Cette absence d’homogénéité provient, d’une part, de la diversité des clauses relatives aux pertes d’exploitation, de l’étendue de cette garantie et de la validité des clauses d’exclusion, et, d’autre part, des circonstances de l’espèce.

La profession attendait avec impatience que les Cours d’appel se prononcent.

La Cour d’appel d’Aix en Provence a statué par décision du 25 février 2021 (n°20/10357).

Il s’agit de la première décision de Cour d’appel statuant au fond sur la validité d’une clause d’exclusion de la garantie « pertes d’exploitation ».

L’assureur AXA, pour refuser sa garantie d’indemniser les pertes d’exploitation due à une fermeture administrative consécutive notamment à une épidémie, invoquait la clause d’exclusion qui stipulait que les pertes étaient exclues « lorsque au moins un autre établissement, quelle que soit la nature et son activité, fait l’objet sur le même territoire départemental, d’une mesure de fermeture administrative, pour une cause identique ».

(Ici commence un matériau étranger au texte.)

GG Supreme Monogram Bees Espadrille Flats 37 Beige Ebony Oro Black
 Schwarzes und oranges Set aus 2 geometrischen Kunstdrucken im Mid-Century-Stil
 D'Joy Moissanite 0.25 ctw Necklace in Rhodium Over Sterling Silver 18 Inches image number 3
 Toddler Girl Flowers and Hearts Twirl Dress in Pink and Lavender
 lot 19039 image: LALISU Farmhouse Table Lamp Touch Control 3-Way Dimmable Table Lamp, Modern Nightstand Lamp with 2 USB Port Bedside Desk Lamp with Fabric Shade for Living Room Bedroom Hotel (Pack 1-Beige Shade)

Le restaurateur invoquait les dispositions des articles L 113-1 du Code des assurances (la clause d’exclusion doit être formelle et limitée) et 1170 du Code civil (« Toute clause qui prive de sa substance l’obligation essentielle du débiteur est réputée non écrite ») pour soutenir que la clause était imprécise et n’était pas limitée, et qu’elle devait en conséquence être déclarée non écrite.

Les magistrats de la Cour d’appel d‘Aix en Provence ont retenu cette argumentation en considérant que le terme « épidémie » figurant dans la clause n’était pas défini dans la police et donc soumis à interprétation.

En outre, la Cour a jugé la clause d’exclusion imprécise en ce qu’elle ne se réfère à aucun critère précis ni à des hypothèses limitativement énumérées.

La garantie d’AXA telle que rédigée n’aurait jamais vocation à s’appliquer lors d’une épidémie où plusieurs restaurants se retrouveraient fermés !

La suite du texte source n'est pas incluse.